POLİS, ‘SENİ ÇİVİLERİM HA’ DEDİ, SİZ SESİNİZİ ÇIKARMADINIZ: Ayşe Acar Başaran… Polis, ona ‘Seni çivilerim ha’ dedi. Bütün televizyonlar gösterdi. Doğal birtakım televizyonlar diyeyim, havuz medyası göstermiyor fakat siz kesinlikle görmüşsünüzdür. ‘Seni çivilerim ha’ diyor bir milletvekiline bir kolluk, bir emniyet amiri, siz sesinizi çıkarmadınız. Meclis Lideri sesini çıkarmıyor, Süleyman Soylu devam diyor. ‘Milletvekillerine daha fazla baskı yapın zulmedin’ diyor. Mustafa Yeneroğlu’na kolluk hakaret ediyor, tehdit ediyor, tekrar sesinizi çıkarmadınız.

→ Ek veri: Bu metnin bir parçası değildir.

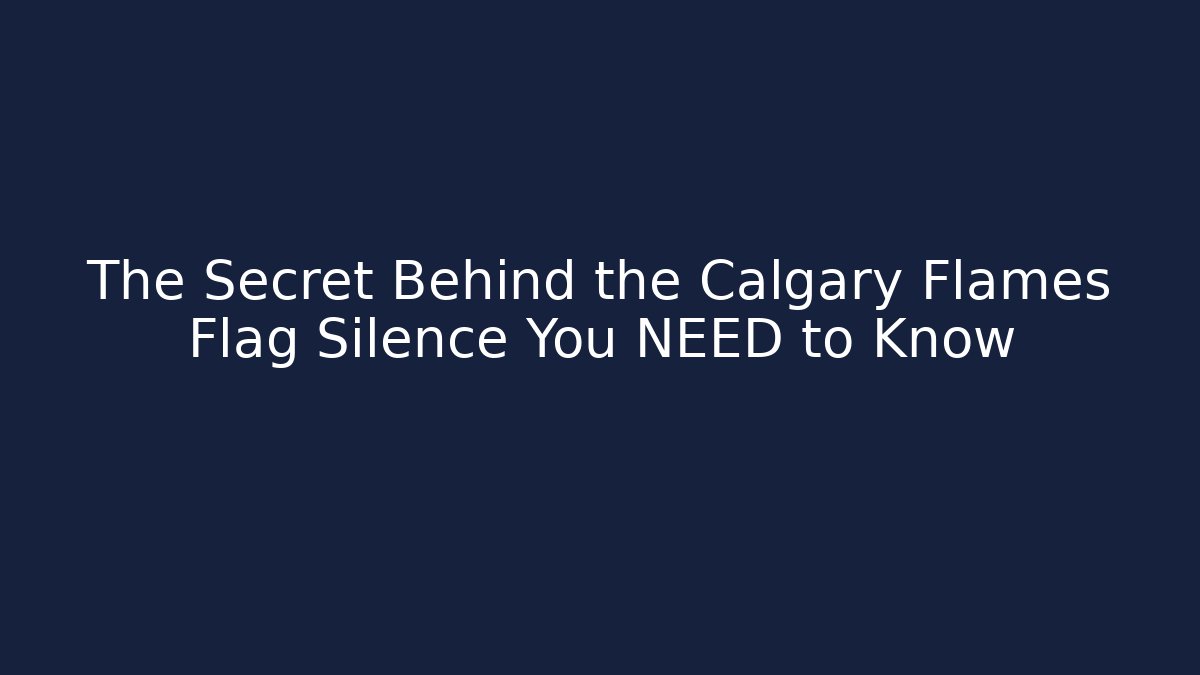 The Secret Behind the Calgary Flames Flag Silence You NEED to Know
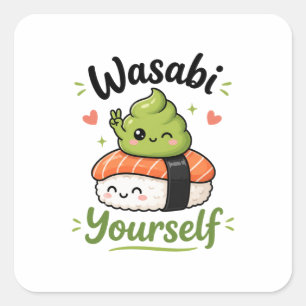 Wasabi uzelf – Schattig Kawaii Sushi Woordgrap Vierkante Sticker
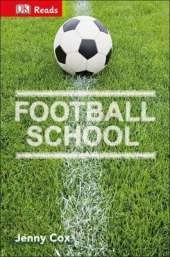 Football School: Discover Fantastic Football Skills!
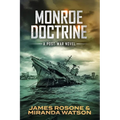 Monroe Doctrine: A Post-War Novel - Paperback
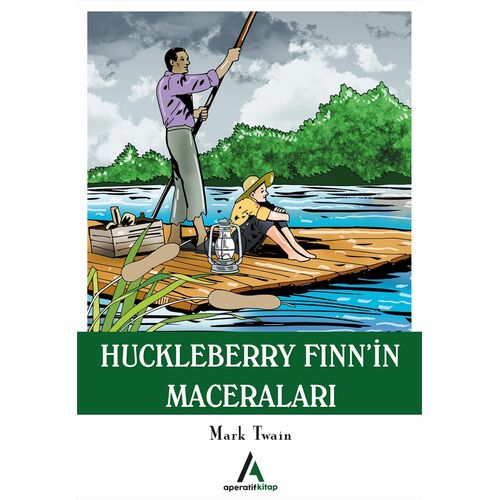 Huckleberry Finn’in Maceraları - Mark Twain - Aperatif Kitap Yayınları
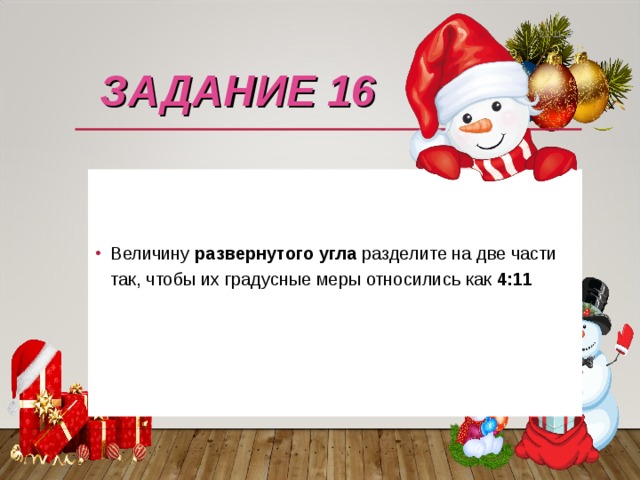 22.11.17 ЗАДАНИЕ 16   Величину развернутого угла разделите на две части так, чтобы их градусные меры относились как 4:11  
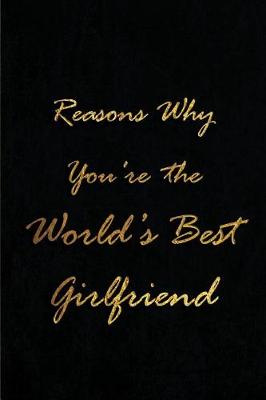 Book cover for Reasons Why You're The World's Best Girlfriend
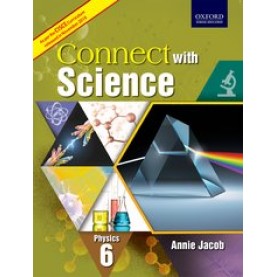 CWS (CISCE EDITION) PHYSICS BOOK 6 by ANNIE JACOB - 9780199475810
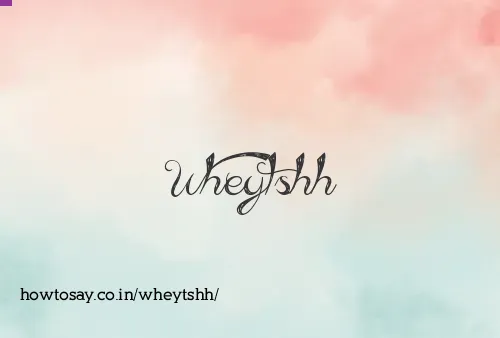 Wheytshh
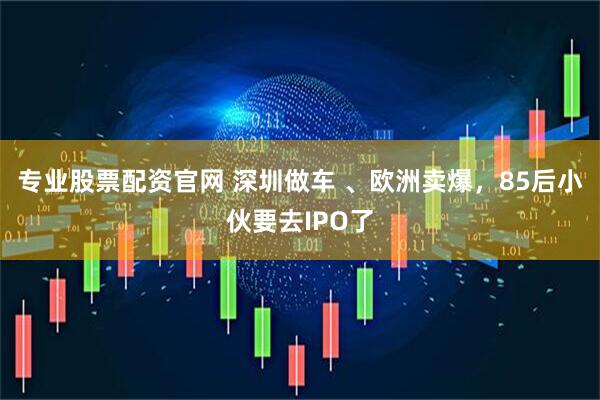 专业股票配资官网 深圳做车 、欧洲卖爆，85后小伙要去IPO了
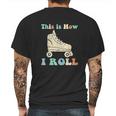 70S This Is How I Roll Vintage Roller Skates Retro Mens Back Print T-shirt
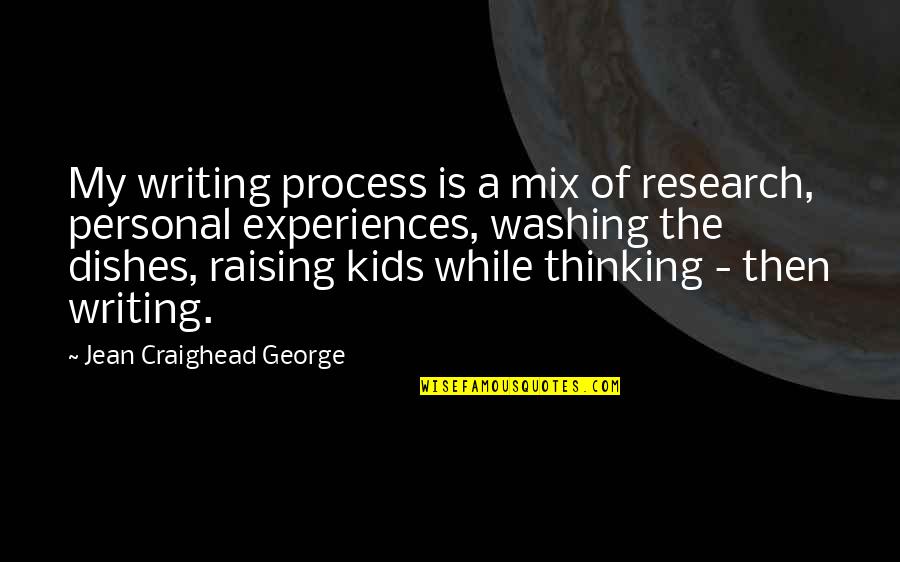 Writing For Kids Quotes By Jean Craighead George: My writing process is a mix of research,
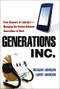 Generations, Inc. (From Boomers to Linksters--Managing the Friction Between Generations at Work) by Meagan Johnson, Larry Johnson, 9780814415733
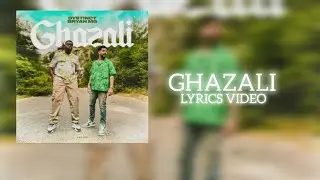 GHAZALI - DYSTINCT FT. BRYAN MG (LYRICS VIDEO OF SONG) 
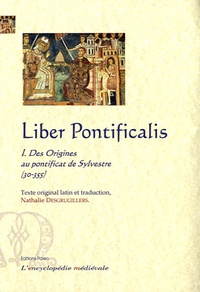 Nathalie Desgrugillers - Liber Pontificalis - Tome 1, Des origines au pontificat de Sylvestre (30-335). Edition bilingue français-latin.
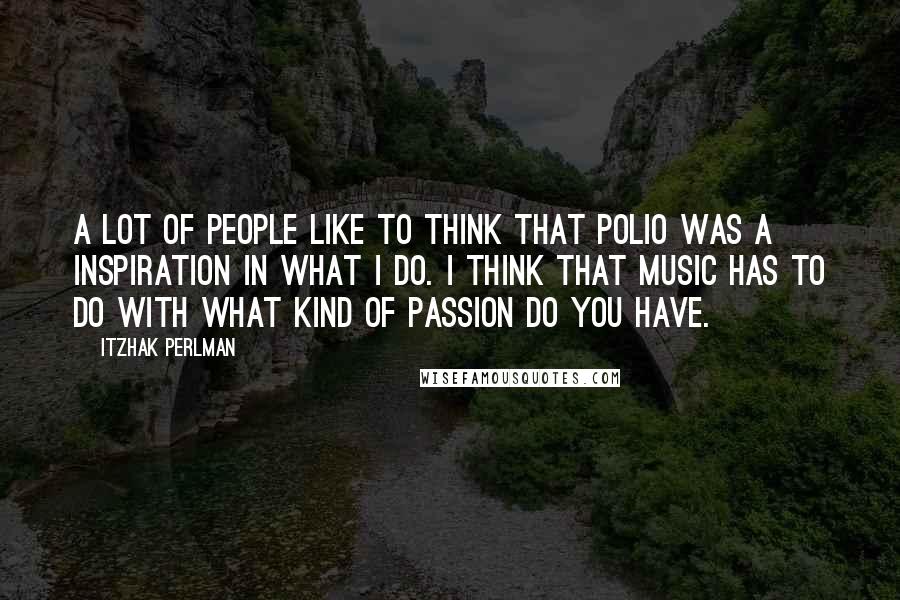 Itzhak Perlman Quotes: A lot of people like to think that polio was a inspiration in what I do. I think that music has to do with what kind of passion do you have.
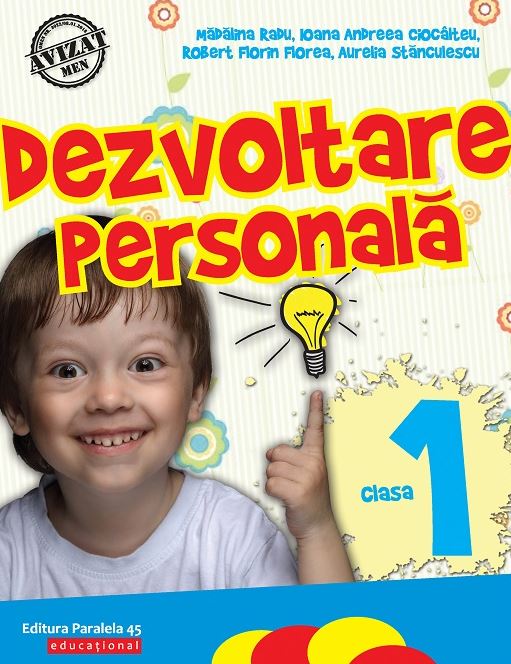 Dezvoltare personala - Clasa I | Ioana Andreea Ciocalteu, Roberrt Florin Florea, Radu Madalina, Aurelia Stanculescu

GERGERLİOĞLU’NDAN DERS ÇIKARMADINIZ YA: Semra Güzel’in başını aşağı eğmeye çalışan, azap eden, darbeden polisler tarafından Semra Güzel bu manada gözaltına alındı ve tutuklandı. Yetti mi zulüm? Yetmedi. Artık de Karma Komisyon’u Semra Güzel’in vekilliğini düşürmek için toplantıya çağırdınız. Ya ben size sorarım; hiç mi şurada oturan Ömer Faruk Gergerlioğlu’ndan ders çıkarmadınız ya? Ömer Faruk Gergerlioğlu’na kumpas kuruldu. Sizin göreviniz bunu sorgulayıp durdurmaktı, bu kumpası durdurmadınız. Artık de bir kumpas var diyorum Semra Güzel’e karşı. Ve Semra Güzel tutuklu. Lakin yargılansın, yargılanacak ve beraat alacak; bundan hiçbir şüphemiz yok, şayet tarafsız bir yargı olursa.
HANGİ MİLLETVEKİLİ DANIŞMANI BU, SORUŞTURMA AÇTINIZ MI: Benimle ilgili bir suikast planı varmış. 2016 yılında darbe planı var, o dönemde ben de Ermeni sıkıntısı ile ilgili konuşmalar yapıyorum, MHP de beni gaye gösteriyor. Devlet içinde bu durumdan görev çıkaran bir karanlık var. Bu devlet içindeki karanlık, darbeye yürüyecek, ‘Bu dönemde de bir Ermeni’yi öldürsek, hele hele Meclis’in içinde öldürsek önemli bir sansasyon yaratır’ diyor. Göstereceğim dokümanlarını size, tıpkı Hrant Dink cinayetinde olduğu üzere. Küme başkanvekilinize verdim evrakları, kendisi çok yeterli biliyor. O dönem Meclis’in içinde beni katledeceklermiş. Meclis’imizin lideri bana bugün dilekçe göndermiş, sağ olun bu sabah geldi, biliyorsunuz sizi eleştireceğimi. Diyorsunuz ki Sayın Lider dilekçenizde, ‘Meclis’e silah sokulması mümkün değil.’ Ya bu Meclis’e silah sokulmadı mı? Bu Meclis’te insan vurulmadı mı silahla? Bu suikastı kim durdurmuş biliyor musunuz? Bir milletvekilinin danışmanı. Hangi milletvekili, hangi milletvekilinin danışmanı? Bununla ilgili bir soruşturma açtınız mı? Açmadınız, üzerine gitmediniz.
BİZİM MESKENİMİZ BASILDI, BİZİM KİLİSELERİMİZ YAKILDI: Birebir dinamik, 6-7 Eylül 1955’te de hayattaydı. Dönemin Özel Harp Dairesi Lideri Sabri Yirmibeşoğlu itiraf etti. ‘Biz Atatürk’ün meskenine bombalattık’ dedi. ‘6-7 Eylül 1955, harika bir örgütlenmeydi’ dedi. Niçin? Atatürk’ün meskenini bombalatacaktı, burada hazır kıtalar Rumların, Ermenilerin meskenini basacaktı. Bununla ilgili araştırma önergesi veriyorum. Meclis Lideri bana geri gönderiyor, ‘Toplumun bir bölümünü yaralıyorsunuz’ diyor. 6-7 Eylül 1955’te yaralanan bizlerdik, bendim. Bizim konutumuz basıldı. Bizim kilisemiz yakıldı. Bizim mezarlıklarımız yerle bir edildi. İnsanlarımıza tecavüz edildi. Yaralanan bizdik, biz. Hangi gerekçeyle geri gönderdiğini bile yazmaya tenezzül etmiyor.”